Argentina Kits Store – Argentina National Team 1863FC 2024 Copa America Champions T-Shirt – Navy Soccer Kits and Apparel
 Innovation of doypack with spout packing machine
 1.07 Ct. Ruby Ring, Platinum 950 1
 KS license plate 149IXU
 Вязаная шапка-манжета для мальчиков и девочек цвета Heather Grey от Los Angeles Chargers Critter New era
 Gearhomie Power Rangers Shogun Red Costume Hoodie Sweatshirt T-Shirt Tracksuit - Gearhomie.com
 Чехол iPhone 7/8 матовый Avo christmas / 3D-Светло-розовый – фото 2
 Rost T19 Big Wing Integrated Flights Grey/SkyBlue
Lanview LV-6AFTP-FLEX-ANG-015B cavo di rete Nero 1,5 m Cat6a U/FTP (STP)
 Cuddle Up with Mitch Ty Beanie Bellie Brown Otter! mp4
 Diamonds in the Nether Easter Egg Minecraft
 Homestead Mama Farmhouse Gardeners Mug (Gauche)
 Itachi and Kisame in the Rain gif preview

=====

#### How to complete this task
In the listing above, find the line that contains "Rost T19 Big". Write it out exactly, along with each line after it up to and including the last.

#### Solution for this exercise
 Rost T19 Big Wing Integrated Flights Grey/SkyBlue
Lanview LV-6AFTP-FLEX-ANG-015B cavo di rete Nero 1,5 m Cat6a U/FTP (STP)
 Cuddle Up with Mitch Ty Beanie Bellie Brown Otter! mp4
 Diamonds in the Nether Easter Egg Minecraft
 Homestead Mama Farmhouse Gardeners Mug (Gauche)
 Itachi and Kisame in the Rain gif preview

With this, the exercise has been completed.